The University of Minnesota’s Center for Changing Landscapes
will conduct a survey using funding from a state proposal passed earlier this month. Researchers hope to use the survey’s findings to create recommendations that will boost park attendance and make park amenities more consistent across the state.
Of the $536,000 allocated to the University and state organizations, $260,000 will go to the center in July to conduct the survey and analyze its results.
“The foundation of the project is an interest in connecting people and the outdoors,” Center director and the project’s lead Mae Davenport said.
The University has been working on the questionnaire for the last two years, Davenport said. The same survey will be used in the entire state.
The study will also be conducted with the Minnesota Department of Natural Resources, the Metropolitan Council and the Greater Minnesota Regional Parks and Trails Commission.
Officials will distribute the survey before the end of the year. Staff will ask people coming and going from park facilities to complete the 5- to 10-minute questionnaire.
Along with asking questions about satisfaction with park amenities, the survey will gather demographic information like race and age, Davenport said.
Paul Purman, a consultant with Minnesota’s DNR Parks and Trails Legacy Grant Program, said parks that choose to act on recommendations based on the survey could see more people frequenting their facilities.
Leaders involved with the project also hope the survey’s results will lead to consistency regarding park funding and quality across the state, Purman said.
“One of the big goals of the legacy amendment work is to make parks and trails as accessible to as many people as we possibly can,” Purman said. “And good work is predicated on good research.”
State legislators, like Sen.

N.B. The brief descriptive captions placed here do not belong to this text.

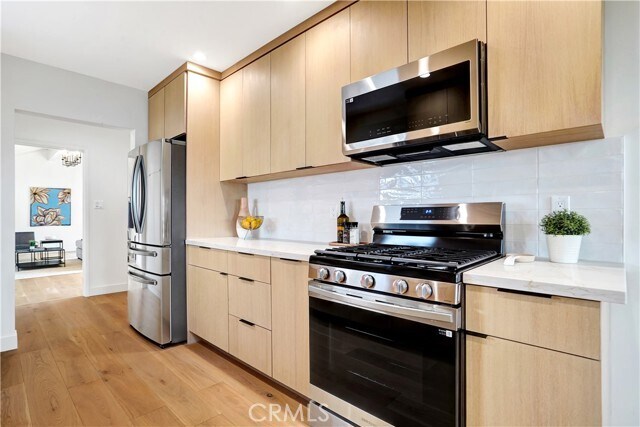 Foto principal - 6438 Lindley Ave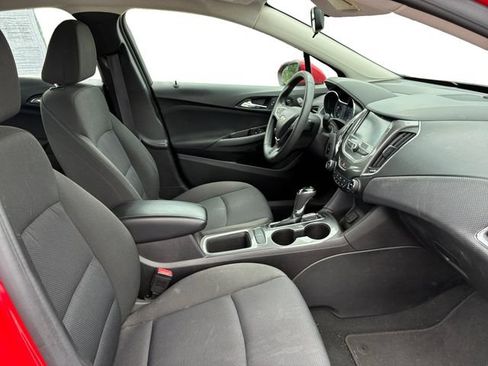 Used 2016 Chevrolet Cruze LT w/ Convenience Package FWD image 12
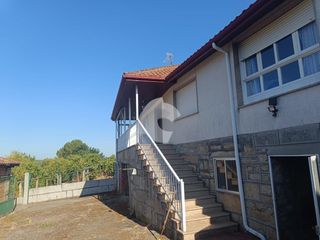 Haus in Pereiro de Aguiar (O). Porpiedad con 2.880 m de terreno y dos viviendas se vende propie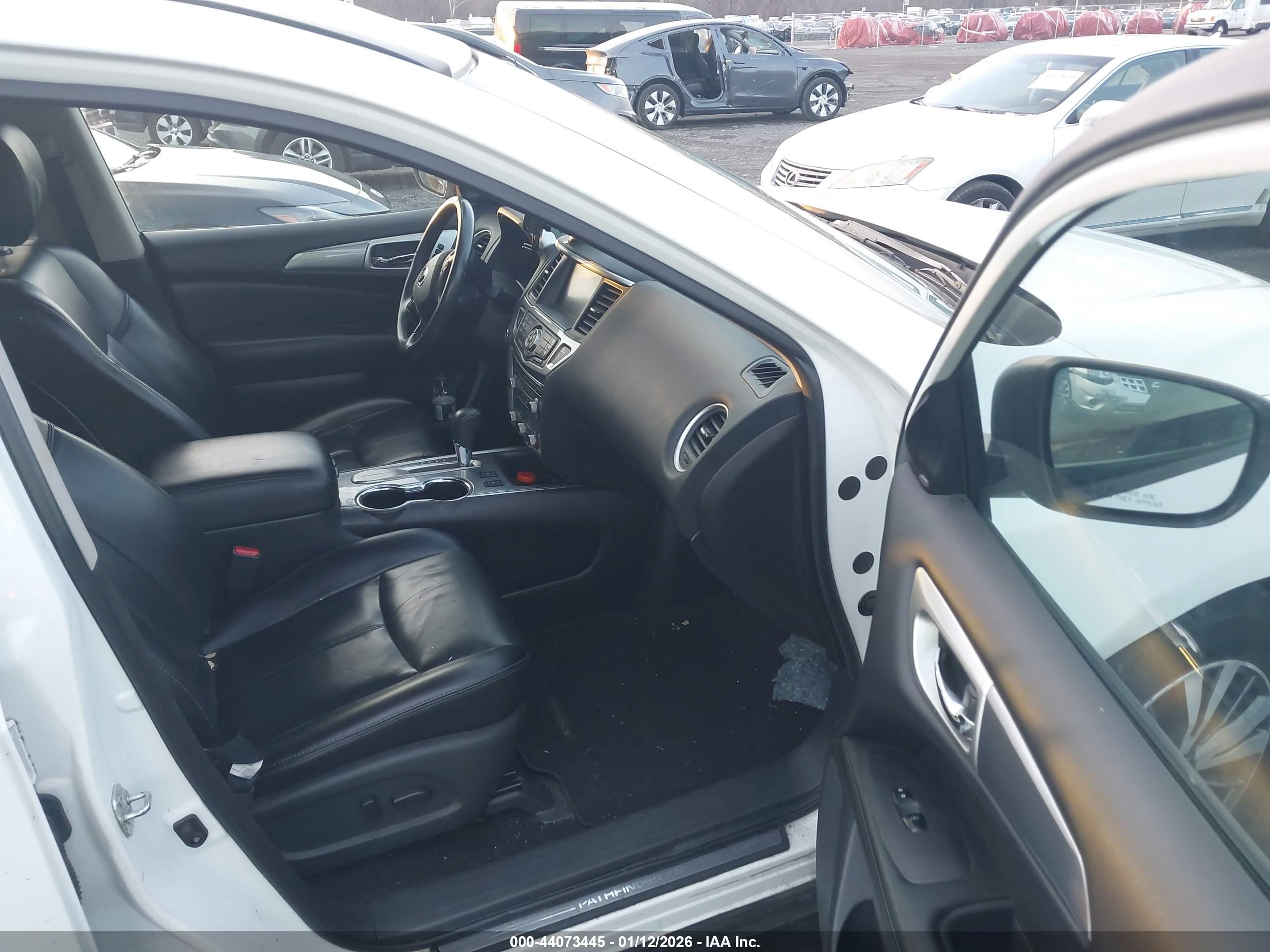 NISSAN PATHFINDER image 5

Terri Bonoff, DFL-Minnetonka, said the funding will provide the three involved park organizations a chance to work together and reap the survey’s benefits.
“There is always a fight at the Legislature between the metro folks and outstate folks because the outstate folks get a greater share of the parks and trails money,”
Researchers will gather and analyze data next summer. After which, they will present their results to the state Legislature and other organizations, Davenport said.